I had to take a small saw blade to get it out.. 
Not this time, but unusual they have very little glue on any things. Kind like a hit and miss, or dab here or there. lol. 












Now have it glued in, right side up, installed piping on. I put the sink on a small angle to be able to get in and out of the rest room. Still got to get the mirror up yet.











Now just need to get the sign off the door due to a line is waiting for the rest room and no other cars are hooked up to get to any other rest rooms at the moment. 

Guess now.... we need to go to the next pass car box and see what is making noise in that one.

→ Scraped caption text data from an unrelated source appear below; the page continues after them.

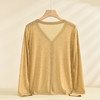 2024年秋款天丝开衫小众V领外套上衣女宽松百搭 商品缩略图1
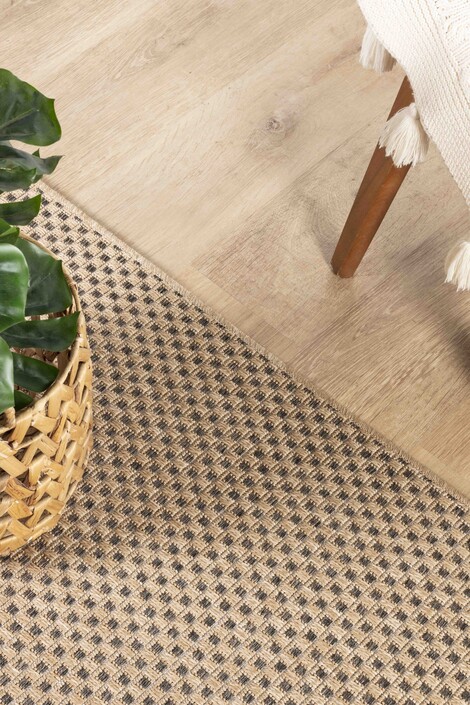 Konfor Halı - Sisaluna 4442 Bej Jüt Tabanlı Modern Dokuma Kilim Sisal Hasır Halı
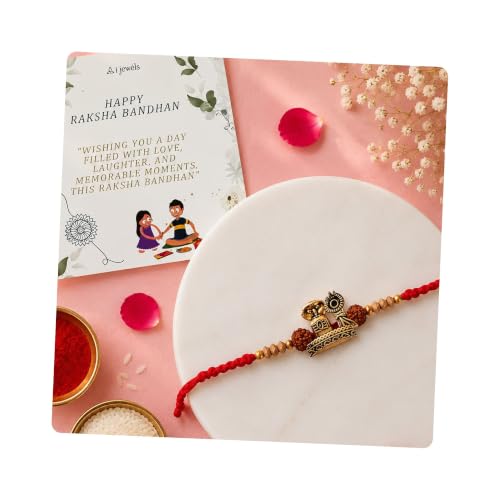 Image of I Jewels Thread Rakhi with Roli Chawal & Rakshabandhan Card for Brother /Bhai /Men /Bro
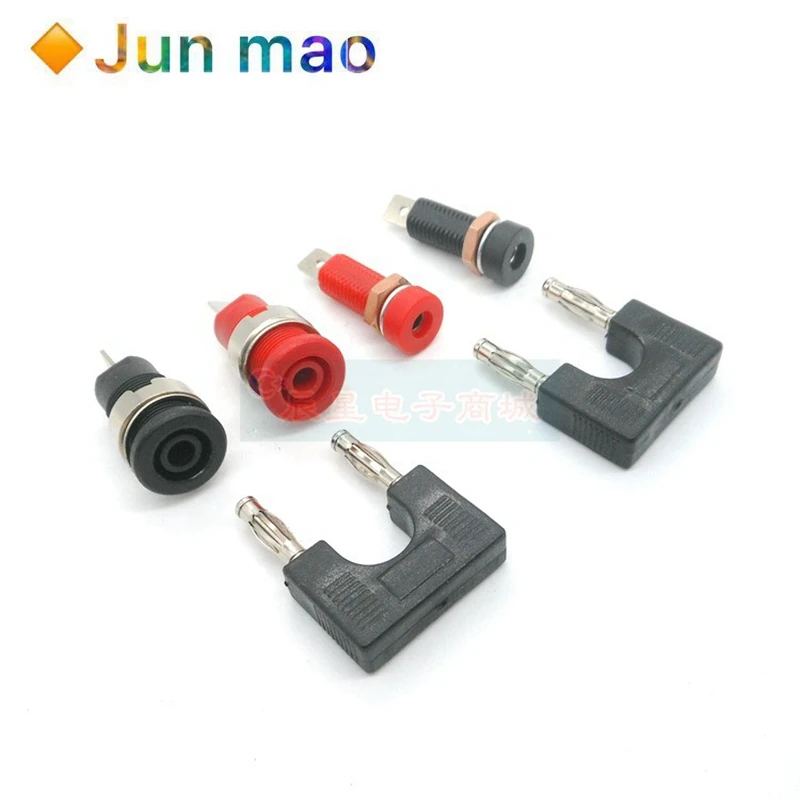 1PCS Pure copper 4mm banana plug short circuit plug short jumper automobile instrument test line socket spacing 19mm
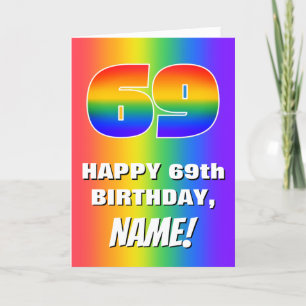 Carte 69e anniversaire : coloré, amusant Motif arc-en-ci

Are we having fun yet? Not sure, but must be...


----------



## Dan Pierce (Jan 2, 2008)

I think that that sink was from Tony W, it is supposed to be upside down north of the equator.


----------



## Dick413 (Jan 7, 2008)

Noel
now you need to put in a clear window and a women standing shaving her arm pit (from emperor of the north)

Dick


----------



## Esppe Pete (Jan 21, 2008)

Clear air turbulance from the turn of the century! Nice car. I wish I would have bought the Sante Fe line instead of the Daylight Hevyweights, it would be much easier to overpaint SP on the more correctly painted car for SP.


----------



## Greg Elmassian (Jan 3, 2008)

Your toilet seat is on backwards too.

Greg


----------



## noelw (Jan 2, 2008)

Greg Elmassian said:


> Your toilet seat is on backwards too.
> 
> Greg


I seen that, but then all of my Hvt Wt. cars tolets seats are the same way I noticed. LoL. like I said.. across the pond they don't use these items I guess so not to sure what they are maybe used for. In some contrary's, I seen when in svc. that some just use the front yards as they make a quick stop strolling down there streets. laf.
So guess pass are going to have to get use to them the way they are..


----------



## Greg Elmassian (Jan 3, 2008)

Yep, they were always assembled wrong. Remember the freight car floors in backwards? Was that way for 8 or 9 years, finally corrected, and then Kader bought Sanda Kan and they went back backwards?

The secret was finally found out though, but I ain't telling ha ha.

Greg


----------



## Trains (Jan 2, 2008)

That's pretty bad when you can't glue a sink in right!


----------



## Dick413 (Jan 7, 2008)

its all just water over the dam now
Dick


----------



## noelw (Jan 2, 2008)

Dick413 said:


> its all just water over the dam now
> Dick


Yup your right Dick... So we left the OUT OF ORDER sign on the door.. Someday we with get back to the toilet seat repair and get it back right. Then finish up the plumbing on the sink.. lol.


----------



## Dave Meashey (Jan 2, 2008)

Seems like the restroom fixtures are correct in my Sierra passenger cars.

Wait!  I forgot that my cars are so old that they were made in South Korea! Guess that 'splains it.

Oh well, hate it that you have had so much trouble with the heavyweight rest rooms. At least they are corrected now.

Regards,
David Meashey


----------



## Clive Elesmore (Jan 13, 2008)

My Pennsylvania Heavyweights are all boxed up in the roof of the garage (have been the last 7 years), I wonder what I am going to find when I finally retire and start to look at this stuff.

I thought the Chinese always wanted to leave the seat down so their good luck and money would not slide away down the U bend.


----------



## pimanjc (Jan 2, 2008)

*Diner*

Good work on the interiors. Here are a couple of pics of the diner I used to have and outfitted. 


















JimC.


----------